Musicians, poets and dancers take a stance against rape culture at Rock Against Rape
The center wanted to use multiple art forms to share their message of zero-tolerance for violence.
Sep. 11, 2015
The Relationship and Sexual Violence Prevention Center hosted Rock Against Rape on Traditions Plaza after a three-year hiatus. Rock Against Rape is organized by the RSVP’s student organization STARS, Stronger Together Against Relationship and Sexual Violence.
The purpose of the event was to educate students on sexual violence prevention through a night of free music and poetry, RSVP graduate assistant Tim Maness said.
“Our primary thing is that we provide a safe spot to have difficult dialogue about interpersonal violence in our society and in our culture and personal lives,” Maness said.
The performers at the event were volunteers.

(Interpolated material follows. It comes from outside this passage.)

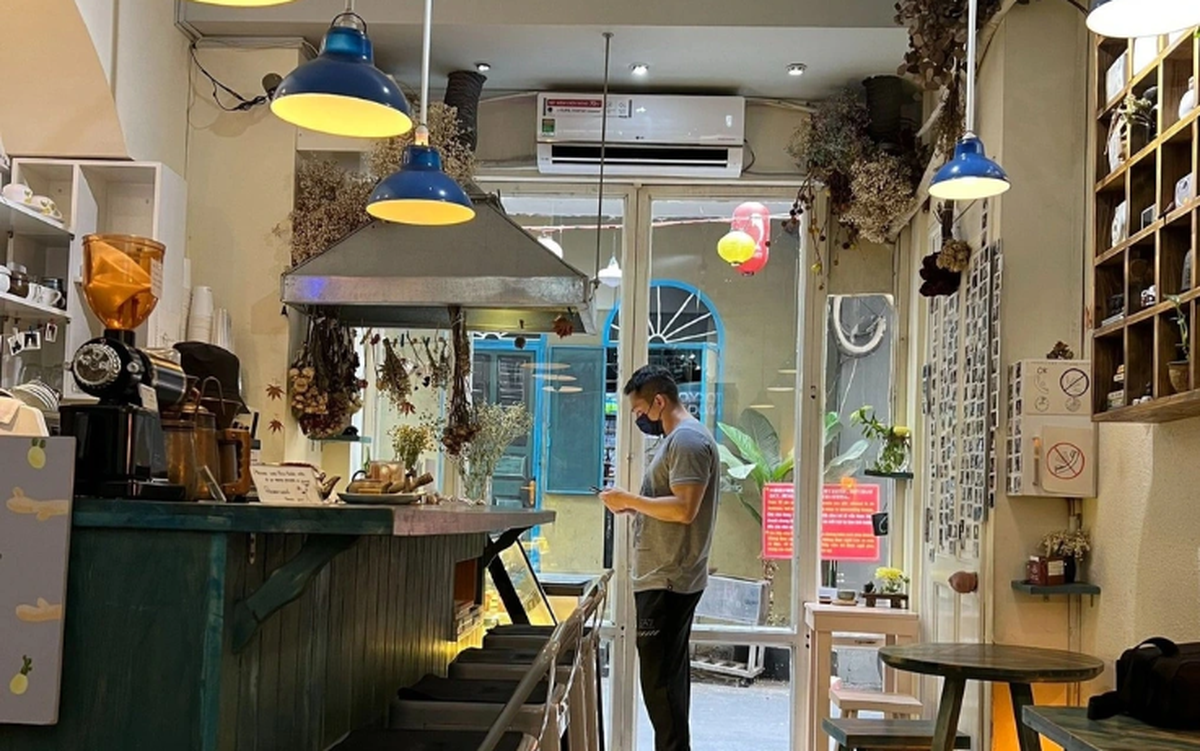 Quán cà phê ở TPHCM không cho khách ngồi quá 1,...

“The performers came here out of the goodness of their own hearts, to give a message of positivity and support survivors across our college campus,” Maness said.
Among the artists were sister duo Delia and Hannah Rainey, otherwise know as Dubb Nubb. The sisters are former MU students and were happy to be back playing on their old stomping grounds, the sisters said.
“We really support what they’re doing, and it’s pretty amazing for the university to have all these resources,” Delia Rainey said.
Not only was there music, but poets and dancers also stepped on stage to support sexual violence prevention. Indie Poets President Shelbey Parnell performed spoken word poetry, along with other MU writers.
The concert was free to attend, which drew a large crowd.
“I love music and hate rape culture,” freshman Sophia Faiella said. “I think that events like this, that are open and free to the public, makes people talk and it makes them ask questions. Then, they know more and tell their friends.”
The music festival-esque atmosphere creates a light and uplifting vibe to attract more students, Maness said in a previous Maneater article. RSVP undergraduate assistant Kelsey Burns said in that article the center decided to use different artistic forms to create a diverse night of entertainment.
“I think that as women or anyone who is going through something, the fact that you can sit down and play guitar or make art is something that is really empowering,” Delia Rainey said.